Microphase separation of poly(propylene monothiocarbonate)-b-poly(ethylene oxide) block copolymers induced by differential interactions with salt

This work describes the microphase separation behavior of poly(propylene monothiocarbonate)-b-poly(ethylene oxide) (PPMTC-b-PEO) block copolymers (BCPs), a type of new sulfur-containing block copolymer, induced by lithium bis-(trifluoromethanesulfonyl)imide (LiTFSI). PPMTC-b-PEO BCPs with a fixed PEO block length but different PPMTC block lengths were synthesized and doped by LiTFSI. Temperature-variable small-angle X-ray scattering result indicates that microphase separation of the PPMTC-b-PEO BCPs can be induced by differential interactions with LiTFSI. However, the ability of LiTFSI to induce microphase separation in PPMTC-b-PEO BCPs does not monotonically increase with the doping ratio (r = [Li⁺]/([EO] + [PMTC])).
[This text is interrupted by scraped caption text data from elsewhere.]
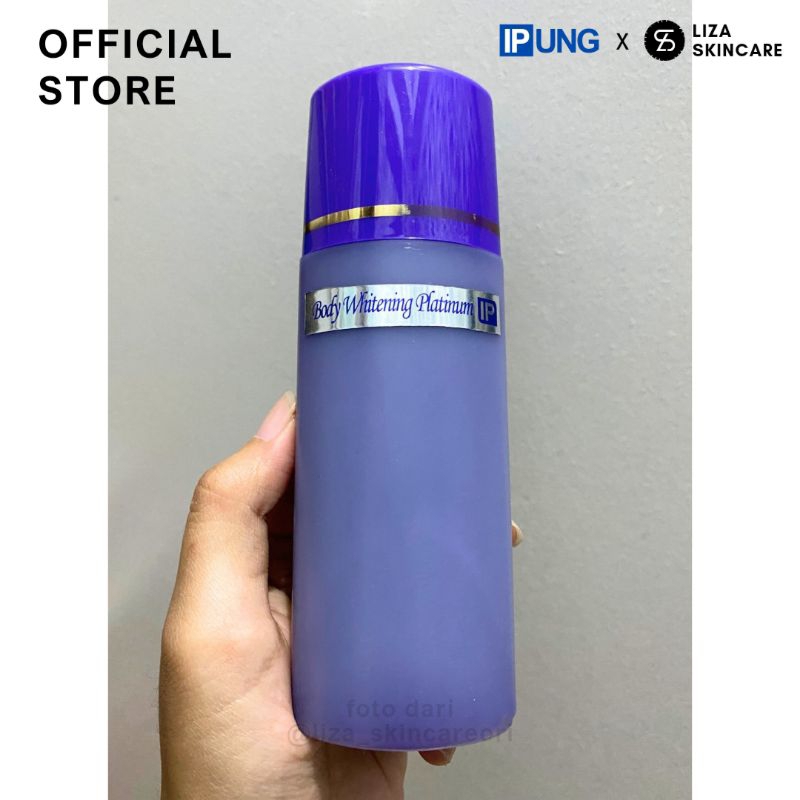Body Whitening Platinum / HB Malam Triple Dosis / HB Skin Glow Ungu / HB Malam Platinum IP Skincare 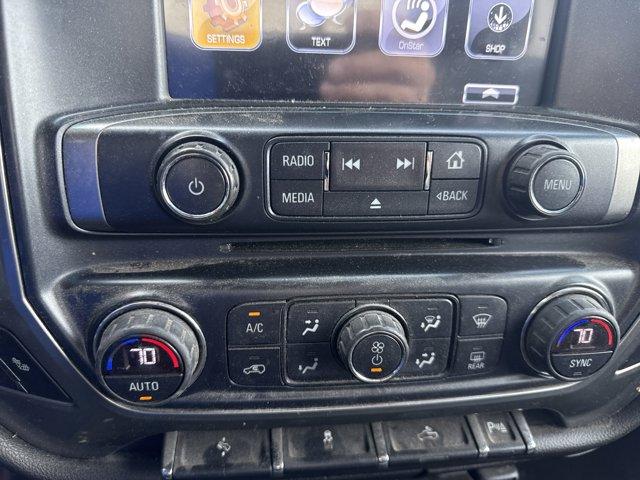 used 2017 Chevrolet Silverado 1500 car, priced at $20,500
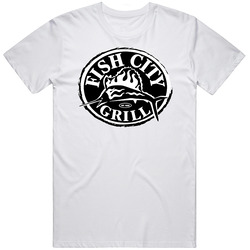 Fish City Grill Sugar Land Texas Restaurant T Shirt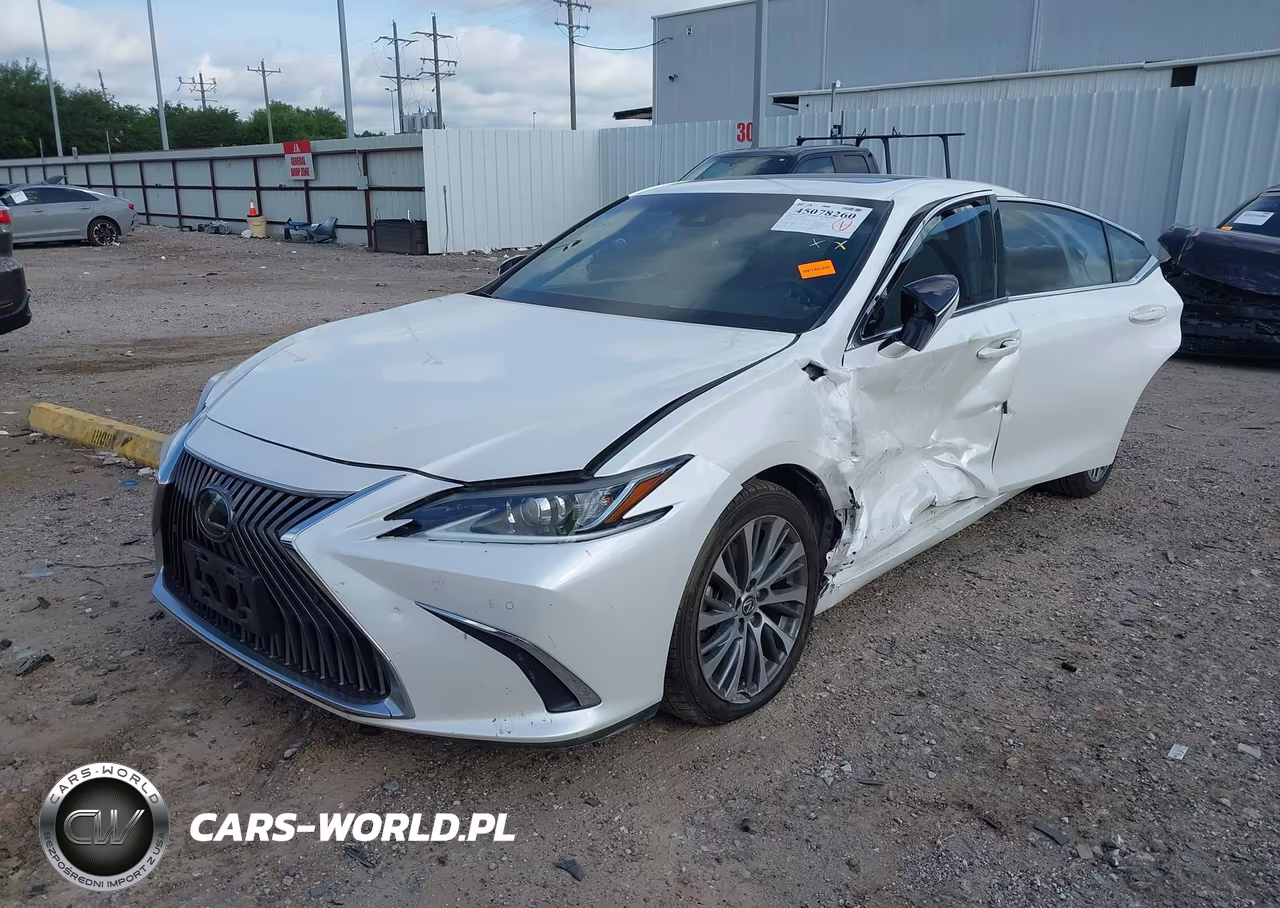 2019 Lexus Es 350 VIN:58ABZ1B18KU033273 - 2
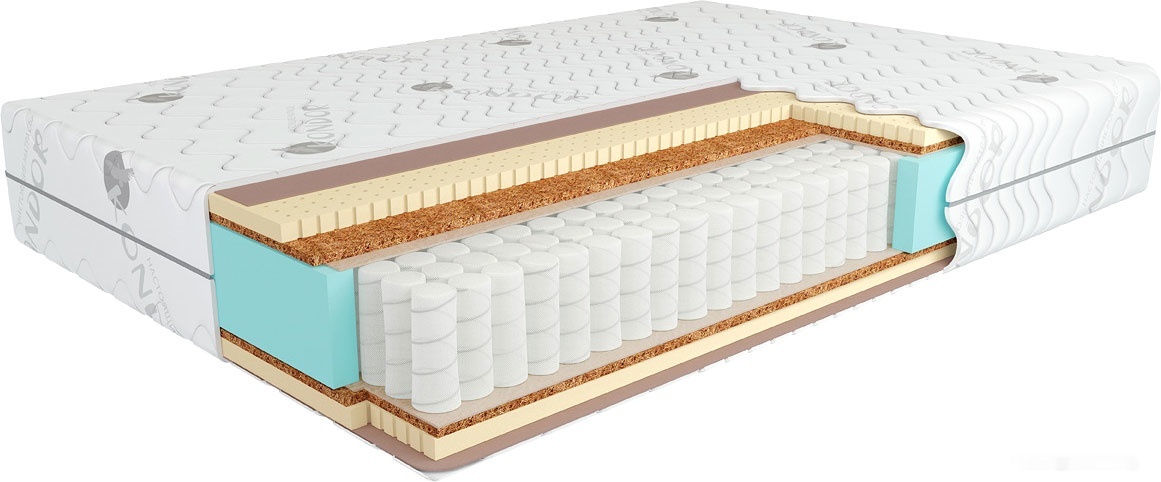 

Матрас Kondor Sidney Medio 80х195х21.06, Матрас Kondor Sidney Medio 80х195 трикотаж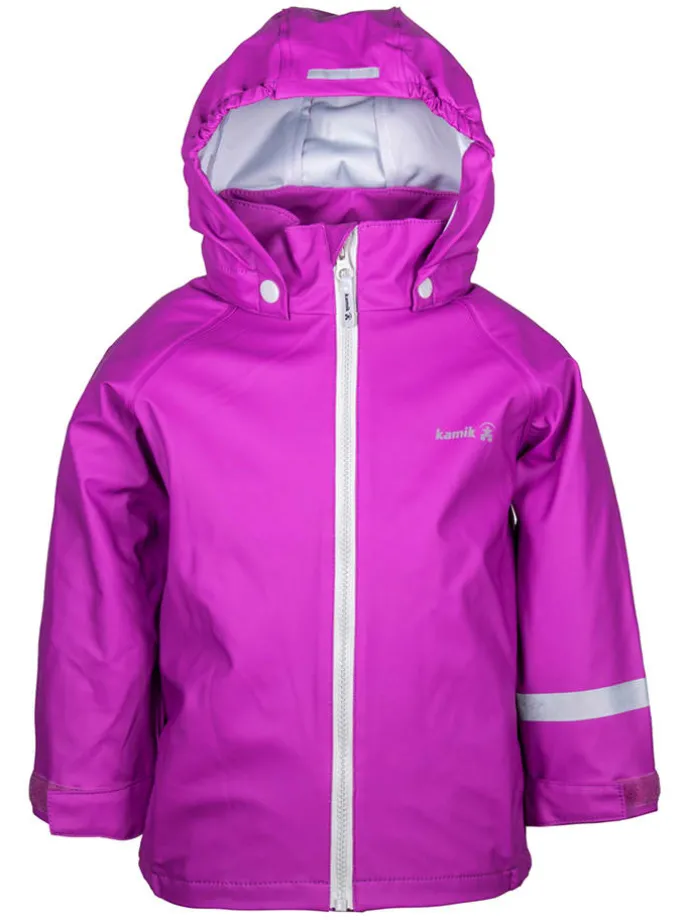 Regenjas violet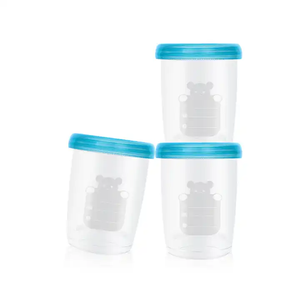 Biberon de stockage de lait maternel et tasse de stockage pour biberon de bébé biberon de stockage de lait de bébé de sein réfrigéré - Product Image 4
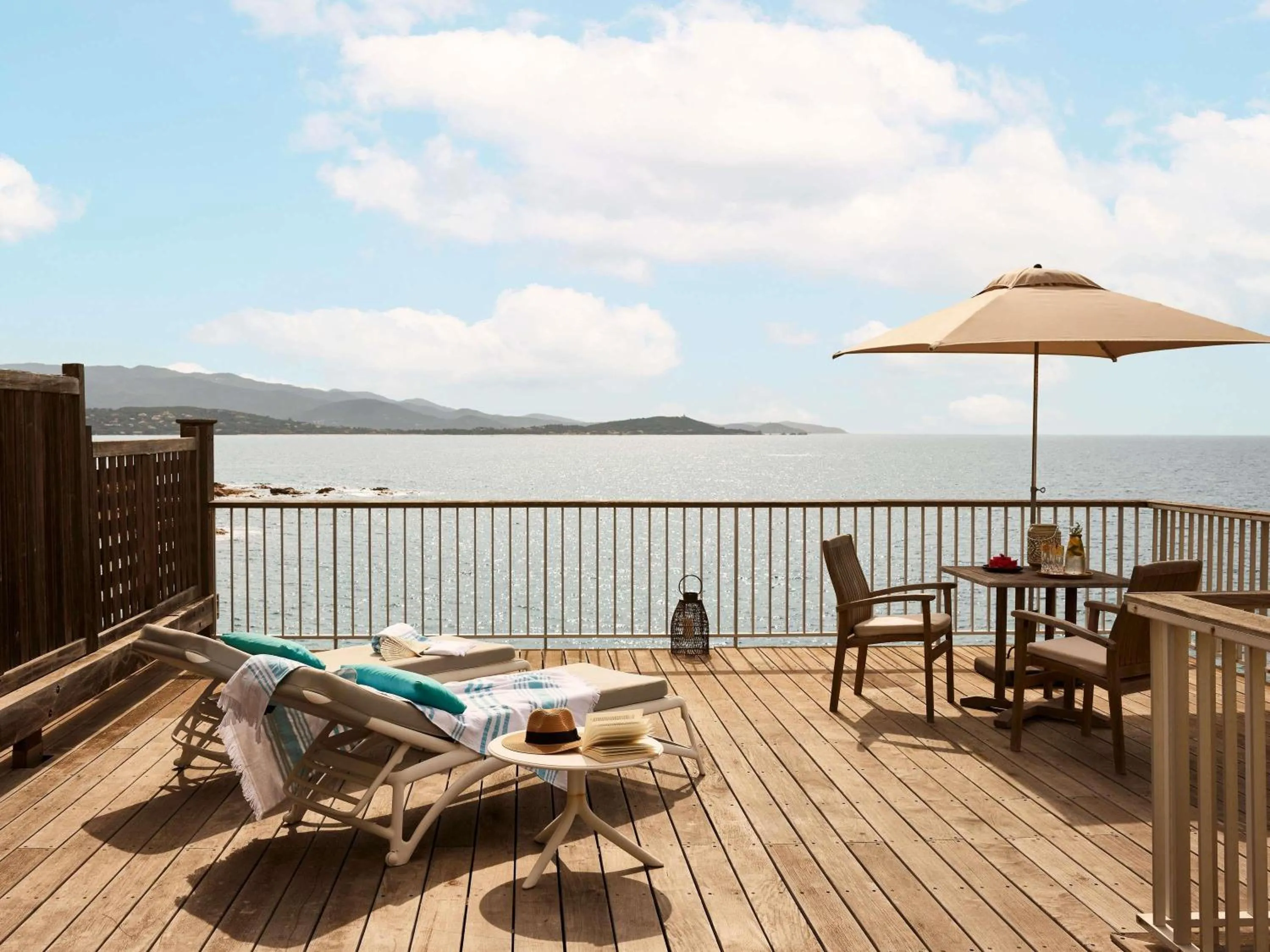 Bedroom in Sofitel Golfe d'Ajaccio Thalassa Sea & Spa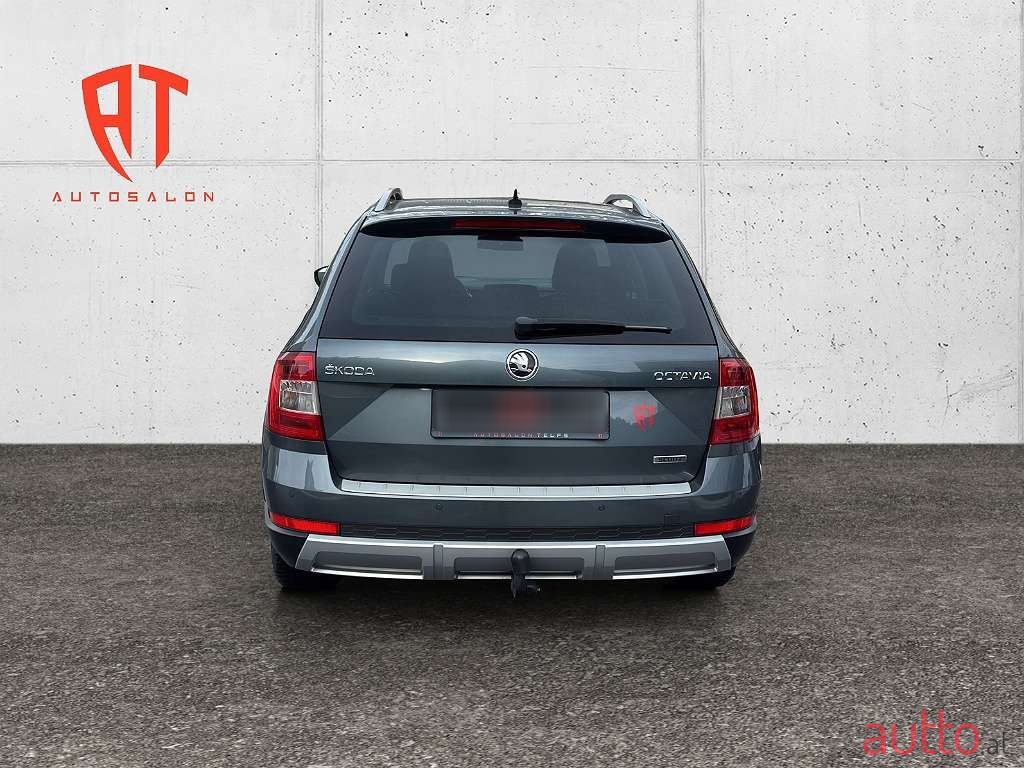 2016' Skoda Octavia photo #4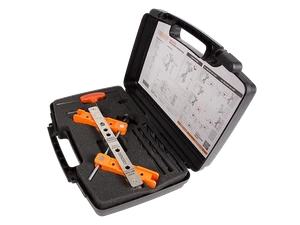 Sada náradia pre montáž zámkov a dorazových líšt - slide 0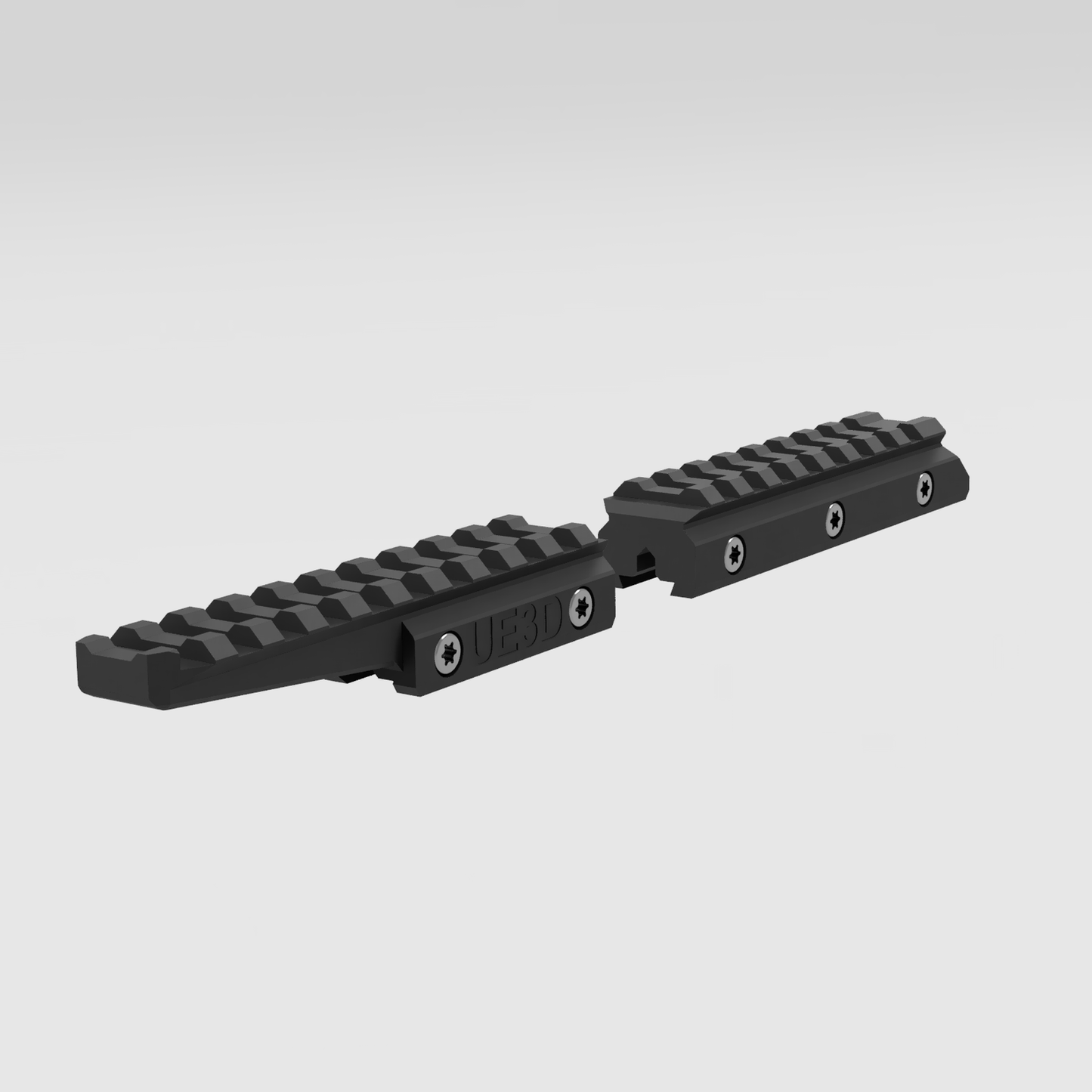 Picatinny Rail | Dovetail Adapter | 220mm | Passend zur AEA HP MAX mkii mk2 - UE3D Shop
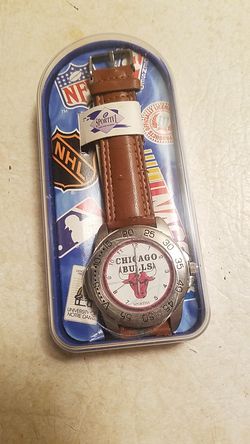 Chicago Bulls Watch from 1990's Never Used!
It is observed that stronger microphase separation usually occurs at r = 1/12 and 1/6, but microphase separation is weaker at r = 1/24 and 1/3. In most cases, microphase-separated but disordered structures are obtained. Particularly, ordered lamellar structure is formed at suitable doping ratio and block composition. FTIR result confirms the differential complexation of LiTFSI with PEO and PPMTC. LiTFSI preferentially interacts with PEO at low rs, but also strongly interacts with PPMTC at high rs. This work provides a new method to prepare solid polymer electrolytes with double conductive nano-phases, which may be beneficial to both conducting and mechanical properties.